## Directions
Restate word for word the lines of the entries below, starting with the line that holds "13th Birthday Gift" and ending with the line that holds "Kunnanjohtaja käynnistää usean", and no others.

▬▬▬

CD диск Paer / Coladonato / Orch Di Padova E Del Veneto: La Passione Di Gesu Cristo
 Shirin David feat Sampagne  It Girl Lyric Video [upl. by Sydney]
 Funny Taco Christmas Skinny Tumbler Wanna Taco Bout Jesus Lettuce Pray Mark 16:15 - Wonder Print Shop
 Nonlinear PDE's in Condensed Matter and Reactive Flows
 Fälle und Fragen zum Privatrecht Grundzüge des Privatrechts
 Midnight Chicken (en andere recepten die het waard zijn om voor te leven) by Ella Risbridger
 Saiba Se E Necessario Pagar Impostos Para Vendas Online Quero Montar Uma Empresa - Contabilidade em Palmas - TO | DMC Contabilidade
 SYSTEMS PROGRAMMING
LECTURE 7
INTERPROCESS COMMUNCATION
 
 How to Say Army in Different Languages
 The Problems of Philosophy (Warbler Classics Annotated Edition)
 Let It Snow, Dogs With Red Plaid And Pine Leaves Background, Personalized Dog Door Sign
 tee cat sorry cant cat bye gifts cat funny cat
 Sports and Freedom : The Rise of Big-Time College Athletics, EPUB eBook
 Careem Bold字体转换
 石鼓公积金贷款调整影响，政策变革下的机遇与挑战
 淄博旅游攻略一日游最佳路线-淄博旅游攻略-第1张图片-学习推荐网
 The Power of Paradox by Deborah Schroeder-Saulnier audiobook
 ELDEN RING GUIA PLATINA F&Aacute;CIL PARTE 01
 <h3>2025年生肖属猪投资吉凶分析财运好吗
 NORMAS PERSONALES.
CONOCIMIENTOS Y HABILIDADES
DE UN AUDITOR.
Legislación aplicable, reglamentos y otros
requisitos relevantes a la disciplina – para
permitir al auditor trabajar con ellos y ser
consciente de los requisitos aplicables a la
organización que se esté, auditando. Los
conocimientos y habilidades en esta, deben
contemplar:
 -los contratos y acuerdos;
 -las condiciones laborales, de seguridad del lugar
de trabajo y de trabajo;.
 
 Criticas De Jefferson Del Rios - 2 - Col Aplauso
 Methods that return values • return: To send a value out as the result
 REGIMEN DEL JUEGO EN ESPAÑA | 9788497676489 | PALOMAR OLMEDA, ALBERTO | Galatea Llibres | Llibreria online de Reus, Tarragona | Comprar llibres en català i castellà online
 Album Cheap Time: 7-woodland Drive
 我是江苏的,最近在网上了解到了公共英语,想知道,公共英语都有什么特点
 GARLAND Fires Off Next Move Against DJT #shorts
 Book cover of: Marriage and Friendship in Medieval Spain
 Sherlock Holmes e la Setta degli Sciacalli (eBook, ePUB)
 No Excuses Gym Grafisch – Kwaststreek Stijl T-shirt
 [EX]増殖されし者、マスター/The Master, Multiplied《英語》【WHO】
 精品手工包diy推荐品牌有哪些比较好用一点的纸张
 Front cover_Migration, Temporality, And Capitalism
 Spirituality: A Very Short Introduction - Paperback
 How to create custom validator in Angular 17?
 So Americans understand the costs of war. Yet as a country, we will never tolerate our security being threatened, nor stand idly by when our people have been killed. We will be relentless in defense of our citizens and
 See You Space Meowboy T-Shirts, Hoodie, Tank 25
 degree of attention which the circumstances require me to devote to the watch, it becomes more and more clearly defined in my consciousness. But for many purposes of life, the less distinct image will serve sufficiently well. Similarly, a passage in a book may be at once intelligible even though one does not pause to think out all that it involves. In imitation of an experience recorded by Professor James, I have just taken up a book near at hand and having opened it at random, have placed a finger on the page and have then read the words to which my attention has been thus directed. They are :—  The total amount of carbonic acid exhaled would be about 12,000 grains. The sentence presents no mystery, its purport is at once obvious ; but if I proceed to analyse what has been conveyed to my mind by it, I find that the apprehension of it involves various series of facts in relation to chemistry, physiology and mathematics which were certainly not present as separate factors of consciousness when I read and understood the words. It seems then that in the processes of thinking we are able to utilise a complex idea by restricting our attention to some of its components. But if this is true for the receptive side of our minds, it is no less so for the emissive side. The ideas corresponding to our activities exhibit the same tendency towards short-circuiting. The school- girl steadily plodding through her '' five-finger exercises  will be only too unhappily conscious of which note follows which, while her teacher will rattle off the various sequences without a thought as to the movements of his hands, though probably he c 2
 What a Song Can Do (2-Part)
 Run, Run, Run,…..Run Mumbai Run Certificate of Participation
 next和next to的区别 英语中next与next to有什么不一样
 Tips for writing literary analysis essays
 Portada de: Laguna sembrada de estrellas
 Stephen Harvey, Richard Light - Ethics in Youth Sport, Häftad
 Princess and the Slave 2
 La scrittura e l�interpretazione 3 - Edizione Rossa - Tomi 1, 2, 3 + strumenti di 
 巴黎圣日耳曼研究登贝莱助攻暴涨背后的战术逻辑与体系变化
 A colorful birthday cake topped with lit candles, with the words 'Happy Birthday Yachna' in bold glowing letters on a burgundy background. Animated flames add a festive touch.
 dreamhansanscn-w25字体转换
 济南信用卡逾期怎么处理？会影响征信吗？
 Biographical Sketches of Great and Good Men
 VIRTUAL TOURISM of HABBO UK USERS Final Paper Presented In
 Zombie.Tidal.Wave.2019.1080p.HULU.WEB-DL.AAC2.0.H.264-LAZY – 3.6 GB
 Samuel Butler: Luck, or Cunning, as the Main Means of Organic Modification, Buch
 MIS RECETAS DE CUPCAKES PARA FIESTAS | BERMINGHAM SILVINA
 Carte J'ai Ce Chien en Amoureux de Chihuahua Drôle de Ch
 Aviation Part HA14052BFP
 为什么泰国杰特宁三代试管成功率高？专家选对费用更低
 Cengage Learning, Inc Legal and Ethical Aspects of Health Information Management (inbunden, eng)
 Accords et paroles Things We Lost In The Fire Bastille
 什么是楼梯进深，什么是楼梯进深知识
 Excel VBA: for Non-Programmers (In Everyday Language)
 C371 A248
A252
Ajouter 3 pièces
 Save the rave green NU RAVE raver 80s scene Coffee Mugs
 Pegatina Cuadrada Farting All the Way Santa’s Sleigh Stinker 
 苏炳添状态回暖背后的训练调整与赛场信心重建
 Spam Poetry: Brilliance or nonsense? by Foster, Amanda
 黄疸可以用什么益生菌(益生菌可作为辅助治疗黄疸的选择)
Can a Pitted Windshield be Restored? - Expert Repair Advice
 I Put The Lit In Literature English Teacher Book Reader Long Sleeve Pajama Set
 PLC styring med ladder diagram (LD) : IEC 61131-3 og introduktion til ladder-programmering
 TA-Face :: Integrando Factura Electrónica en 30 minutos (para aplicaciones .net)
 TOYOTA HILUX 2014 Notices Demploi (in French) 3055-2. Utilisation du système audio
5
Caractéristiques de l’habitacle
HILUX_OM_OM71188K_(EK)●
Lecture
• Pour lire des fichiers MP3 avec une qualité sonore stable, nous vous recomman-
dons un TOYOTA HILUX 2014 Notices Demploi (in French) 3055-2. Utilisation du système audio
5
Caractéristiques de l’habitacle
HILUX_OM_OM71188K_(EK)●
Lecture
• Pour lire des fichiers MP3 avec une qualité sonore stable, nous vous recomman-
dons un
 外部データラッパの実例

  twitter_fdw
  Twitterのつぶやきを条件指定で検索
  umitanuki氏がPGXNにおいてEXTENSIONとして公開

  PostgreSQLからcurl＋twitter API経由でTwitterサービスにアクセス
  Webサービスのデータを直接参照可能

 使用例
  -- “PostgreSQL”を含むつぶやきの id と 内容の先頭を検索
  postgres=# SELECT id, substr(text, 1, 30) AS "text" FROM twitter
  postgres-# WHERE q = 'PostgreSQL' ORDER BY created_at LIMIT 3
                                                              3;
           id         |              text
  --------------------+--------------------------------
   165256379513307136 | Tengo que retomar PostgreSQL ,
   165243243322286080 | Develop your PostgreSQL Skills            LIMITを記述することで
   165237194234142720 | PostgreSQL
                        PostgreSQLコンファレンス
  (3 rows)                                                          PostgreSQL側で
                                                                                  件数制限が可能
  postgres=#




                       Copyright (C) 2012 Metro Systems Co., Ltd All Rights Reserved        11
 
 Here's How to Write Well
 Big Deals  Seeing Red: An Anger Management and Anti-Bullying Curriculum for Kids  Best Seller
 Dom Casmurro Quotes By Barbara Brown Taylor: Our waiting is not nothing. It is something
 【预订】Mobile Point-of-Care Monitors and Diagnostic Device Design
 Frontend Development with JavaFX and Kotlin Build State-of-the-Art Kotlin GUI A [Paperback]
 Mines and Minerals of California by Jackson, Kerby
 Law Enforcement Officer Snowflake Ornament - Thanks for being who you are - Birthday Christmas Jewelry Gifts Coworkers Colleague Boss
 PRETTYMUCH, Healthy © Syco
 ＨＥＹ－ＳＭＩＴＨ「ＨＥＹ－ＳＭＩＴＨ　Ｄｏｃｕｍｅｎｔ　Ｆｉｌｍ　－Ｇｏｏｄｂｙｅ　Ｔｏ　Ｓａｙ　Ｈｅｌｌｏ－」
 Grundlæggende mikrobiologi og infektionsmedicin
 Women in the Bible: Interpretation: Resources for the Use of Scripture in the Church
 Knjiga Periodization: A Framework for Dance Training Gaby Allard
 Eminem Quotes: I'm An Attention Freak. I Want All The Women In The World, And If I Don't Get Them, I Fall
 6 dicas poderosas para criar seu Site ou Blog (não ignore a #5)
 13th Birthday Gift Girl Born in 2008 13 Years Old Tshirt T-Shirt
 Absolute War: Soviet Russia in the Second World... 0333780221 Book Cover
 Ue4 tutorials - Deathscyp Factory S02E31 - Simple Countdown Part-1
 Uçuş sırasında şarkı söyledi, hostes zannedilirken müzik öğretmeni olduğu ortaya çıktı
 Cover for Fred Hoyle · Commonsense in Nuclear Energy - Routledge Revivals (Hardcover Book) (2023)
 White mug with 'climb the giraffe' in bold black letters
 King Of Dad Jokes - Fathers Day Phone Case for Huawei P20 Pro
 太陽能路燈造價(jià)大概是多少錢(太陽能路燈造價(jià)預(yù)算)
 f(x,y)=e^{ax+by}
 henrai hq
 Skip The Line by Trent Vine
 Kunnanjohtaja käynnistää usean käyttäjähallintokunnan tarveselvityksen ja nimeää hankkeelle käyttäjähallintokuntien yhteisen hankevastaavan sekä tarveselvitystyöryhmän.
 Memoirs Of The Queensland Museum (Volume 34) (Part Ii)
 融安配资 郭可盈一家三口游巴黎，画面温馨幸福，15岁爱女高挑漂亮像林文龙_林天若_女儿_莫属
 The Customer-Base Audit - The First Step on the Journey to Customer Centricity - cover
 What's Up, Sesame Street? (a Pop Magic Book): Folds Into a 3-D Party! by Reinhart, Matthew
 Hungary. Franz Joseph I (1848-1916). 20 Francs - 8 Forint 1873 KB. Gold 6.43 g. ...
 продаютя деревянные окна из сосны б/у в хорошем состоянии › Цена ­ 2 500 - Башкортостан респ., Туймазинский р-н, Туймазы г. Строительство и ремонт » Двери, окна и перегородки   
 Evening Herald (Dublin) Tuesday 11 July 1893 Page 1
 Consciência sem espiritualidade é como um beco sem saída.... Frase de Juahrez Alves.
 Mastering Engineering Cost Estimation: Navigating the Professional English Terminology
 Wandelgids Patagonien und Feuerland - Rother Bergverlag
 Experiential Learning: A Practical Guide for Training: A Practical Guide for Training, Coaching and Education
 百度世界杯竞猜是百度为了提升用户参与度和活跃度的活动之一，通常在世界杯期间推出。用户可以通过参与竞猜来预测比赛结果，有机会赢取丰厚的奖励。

▬▬▬

## Solution to this task
 13th Birthday Gift Girl Born in 2008 13 Years Old Tshirt T-Shirt
 Absolute War: Soviet Russia in the Second World... 0333780221 Book Cover
 Ue4 tutorials - Deathscyp Factory S02E31 - Simple Countdown Part-1
 Uçuş sırasında şarkı söyledi, hostes zannedilirken müzik öğretmeni olduğu ortaya çıktı
 Cover for Fred Hoyle · Commonsense in Nuclear Energy - Routledge Revivals (Hardcover Book) (2023)
 White mug with 'climb the giraffe' in bold black letters
 King Of Dad Jokes - Fathers Day Phone Case for Huawei P20 Pro
 太陽能路燈造價(jià)大概是多少錢(太陽能路燈造價(jià)預(yù)算)
 f(x,y)=e^{ax+by}
 henrai hq
 Skip The Line by Trent Vine
 Kunnanjohtaja käynnistää usean käyttäjähallintokunnan tarveselvityksen ja nimeää hankkeelle käyttäjähallintokuntien yhteisen hankevastaavan sekä tarveselvitystyöryhmän.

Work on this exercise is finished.